Yehonathan Sharvit06:07:58

@thheller I want to write a cljs lib that wraps an npm module (in my case js-yaml). What should be the :target for this cljs lib? Should it be :npm-module?

thheller06:07:50

@viebel nothing. CLJS libs are uncompiled source files packaged in a jar. meaning they aren't configured at all for shadow-cljs since it has nothing to build

Yehonathan Sharvit06:07:11

what about the package.json file of the lib?
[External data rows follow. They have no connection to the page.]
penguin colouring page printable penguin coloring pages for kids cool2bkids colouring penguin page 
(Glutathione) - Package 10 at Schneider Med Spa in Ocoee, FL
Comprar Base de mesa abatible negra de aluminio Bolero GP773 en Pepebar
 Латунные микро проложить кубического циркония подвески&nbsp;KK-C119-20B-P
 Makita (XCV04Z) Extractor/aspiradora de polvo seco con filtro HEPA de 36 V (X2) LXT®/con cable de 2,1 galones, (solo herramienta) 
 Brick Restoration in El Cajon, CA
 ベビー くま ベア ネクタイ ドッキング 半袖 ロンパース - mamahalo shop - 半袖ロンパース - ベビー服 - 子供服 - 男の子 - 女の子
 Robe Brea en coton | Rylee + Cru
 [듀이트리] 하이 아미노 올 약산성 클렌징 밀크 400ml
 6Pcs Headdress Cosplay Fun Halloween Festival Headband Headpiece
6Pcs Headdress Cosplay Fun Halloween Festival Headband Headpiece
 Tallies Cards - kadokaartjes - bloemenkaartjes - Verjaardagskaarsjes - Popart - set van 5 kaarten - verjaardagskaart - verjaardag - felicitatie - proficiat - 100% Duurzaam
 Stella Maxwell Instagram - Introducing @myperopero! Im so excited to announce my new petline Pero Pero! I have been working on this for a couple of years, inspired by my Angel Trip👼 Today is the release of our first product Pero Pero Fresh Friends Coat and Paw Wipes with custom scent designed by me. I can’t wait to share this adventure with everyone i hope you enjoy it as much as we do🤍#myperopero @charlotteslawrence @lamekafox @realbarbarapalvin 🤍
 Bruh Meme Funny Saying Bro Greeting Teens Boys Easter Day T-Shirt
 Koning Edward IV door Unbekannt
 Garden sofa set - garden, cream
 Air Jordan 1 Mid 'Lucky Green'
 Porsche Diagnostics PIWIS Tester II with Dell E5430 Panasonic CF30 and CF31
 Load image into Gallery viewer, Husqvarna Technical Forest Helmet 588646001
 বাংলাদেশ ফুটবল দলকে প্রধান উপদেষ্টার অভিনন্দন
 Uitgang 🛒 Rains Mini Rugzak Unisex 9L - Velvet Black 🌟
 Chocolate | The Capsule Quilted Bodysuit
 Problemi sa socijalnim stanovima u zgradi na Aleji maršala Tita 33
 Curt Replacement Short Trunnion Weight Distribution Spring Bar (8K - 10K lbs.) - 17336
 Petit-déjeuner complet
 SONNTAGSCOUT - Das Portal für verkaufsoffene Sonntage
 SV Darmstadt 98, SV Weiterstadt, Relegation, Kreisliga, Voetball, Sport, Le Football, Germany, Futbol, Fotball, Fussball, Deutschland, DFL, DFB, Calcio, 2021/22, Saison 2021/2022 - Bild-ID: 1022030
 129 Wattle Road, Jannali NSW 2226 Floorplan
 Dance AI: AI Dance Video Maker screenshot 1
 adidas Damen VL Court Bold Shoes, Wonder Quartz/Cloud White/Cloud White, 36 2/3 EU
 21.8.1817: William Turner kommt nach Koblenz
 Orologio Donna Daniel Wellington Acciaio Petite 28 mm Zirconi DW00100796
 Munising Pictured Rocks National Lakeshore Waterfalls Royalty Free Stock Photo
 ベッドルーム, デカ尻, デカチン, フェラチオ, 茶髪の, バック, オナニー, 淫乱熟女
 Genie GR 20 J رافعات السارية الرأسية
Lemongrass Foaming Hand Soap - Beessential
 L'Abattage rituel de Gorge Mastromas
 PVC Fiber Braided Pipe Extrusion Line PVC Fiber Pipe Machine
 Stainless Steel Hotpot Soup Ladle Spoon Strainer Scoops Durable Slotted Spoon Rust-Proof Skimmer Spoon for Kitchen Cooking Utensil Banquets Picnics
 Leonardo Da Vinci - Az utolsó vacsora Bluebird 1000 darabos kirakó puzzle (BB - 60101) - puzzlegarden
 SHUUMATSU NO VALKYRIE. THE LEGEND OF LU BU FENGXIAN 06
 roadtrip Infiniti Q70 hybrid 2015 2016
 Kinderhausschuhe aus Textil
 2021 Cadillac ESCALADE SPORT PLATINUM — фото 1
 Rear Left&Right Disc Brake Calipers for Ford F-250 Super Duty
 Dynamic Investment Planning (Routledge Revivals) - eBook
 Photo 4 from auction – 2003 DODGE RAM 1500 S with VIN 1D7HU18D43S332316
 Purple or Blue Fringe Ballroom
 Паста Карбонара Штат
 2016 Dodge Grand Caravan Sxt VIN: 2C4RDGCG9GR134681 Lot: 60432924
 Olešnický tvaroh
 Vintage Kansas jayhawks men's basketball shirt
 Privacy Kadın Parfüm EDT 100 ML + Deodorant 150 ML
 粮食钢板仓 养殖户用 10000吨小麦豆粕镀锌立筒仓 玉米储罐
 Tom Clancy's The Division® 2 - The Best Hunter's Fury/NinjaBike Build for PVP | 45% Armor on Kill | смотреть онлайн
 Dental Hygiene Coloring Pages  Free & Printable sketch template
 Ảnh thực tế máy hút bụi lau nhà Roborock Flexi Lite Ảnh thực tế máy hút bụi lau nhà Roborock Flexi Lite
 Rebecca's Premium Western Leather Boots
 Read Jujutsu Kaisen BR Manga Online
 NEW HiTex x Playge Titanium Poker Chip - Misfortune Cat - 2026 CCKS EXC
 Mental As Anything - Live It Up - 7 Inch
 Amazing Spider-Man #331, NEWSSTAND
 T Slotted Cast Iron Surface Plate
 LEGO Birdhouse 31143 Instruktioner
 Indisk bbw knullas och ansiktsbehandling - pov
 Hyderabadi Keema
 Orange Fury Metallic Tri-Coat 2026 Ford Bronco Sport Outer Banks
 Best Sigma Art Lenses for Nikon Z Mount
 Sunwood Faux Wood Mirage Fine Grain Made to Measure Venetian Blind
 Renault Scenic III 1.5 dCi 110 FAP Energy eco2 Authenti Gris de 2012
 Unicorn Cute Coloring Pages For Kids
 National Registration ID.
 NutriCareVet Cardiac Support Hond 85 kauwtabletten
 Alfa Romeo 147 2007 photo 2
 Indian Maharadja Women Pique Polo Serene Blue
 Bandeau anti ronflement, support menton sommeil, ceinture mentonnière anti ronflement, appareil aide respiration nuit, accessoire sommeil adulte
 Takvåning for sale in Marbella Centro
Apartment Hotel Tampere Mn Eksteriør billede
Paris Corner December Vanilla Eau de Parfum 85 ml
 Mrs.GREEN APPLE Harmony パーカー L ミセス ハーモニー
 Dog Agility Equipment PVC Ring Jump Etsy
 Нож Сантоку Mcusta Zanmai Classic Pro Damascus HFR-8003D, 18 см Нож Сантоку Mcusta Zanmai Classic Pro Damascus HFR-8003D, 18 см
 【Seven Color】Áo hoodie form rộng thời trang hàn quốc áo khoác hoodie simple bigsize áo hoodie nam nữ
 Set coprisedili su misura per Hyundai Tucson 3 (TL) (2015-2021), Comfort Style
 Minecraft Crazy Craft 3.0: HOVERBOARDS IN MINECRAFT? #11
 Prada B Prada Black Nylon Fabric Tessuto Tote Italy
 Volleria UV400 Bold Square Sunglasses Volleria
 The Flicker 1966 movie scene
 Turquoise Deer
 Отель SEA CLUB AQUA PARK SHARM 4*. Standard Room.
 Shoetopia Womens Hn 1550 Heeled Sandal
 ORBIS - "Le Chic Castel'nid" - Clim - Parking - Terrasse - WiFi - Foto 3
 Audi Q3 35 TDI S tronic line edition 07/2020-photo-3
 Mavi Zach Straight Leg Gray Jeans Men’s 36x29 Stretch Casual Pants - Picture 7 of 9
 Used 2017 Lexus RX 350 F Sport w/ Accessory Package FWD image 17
I will include it the jar. right?

thheller06:07:43

you create a deps.cljs at the root with {:npm-deps {"js-yaml" "the-version"}}

thheller06:07:56

package.json won't be used at all

thheller06:07:05

since npm doesn't look into .jar files

Yehonathan Sharvit07:07:45

And then in an app that consumes my cljs-yaml lib I won't need to manually install js-yaml. Right?

thheller07:07:23

if you are consuming with shadow-cljs then js-yaml will be installed automatically if deps.cljs specifies it

thheller07:07:34

for standard CLJS it might be more tricky and I honestly can't tell you how it works there

Yehonathan Sharvit07:07:12

It's ok for me to consume with shadow-cljs

Yehonathan Sharvit07:07:26

But it doesn't work either - for the moment

Yehonathan Sharvit07:07:53

āžœ  shadow-cljs-app git:(master) āœ— shadow-cljs compile browser
shadow-cljs - config: /mnt/c/Users/USER/prj/shadow-cljs-app/shadow-cljs.edn  cli version: 2.4.22  node: v8.10.0
shadow-cljs - updating dependencies
shadow-cljs - dependencies updated
shadow-cljs - starting ...
[:browser] Compiling ...
The required JS dependency "js-yaml" is not available, it was required by "cljs_yaml/core.cljs".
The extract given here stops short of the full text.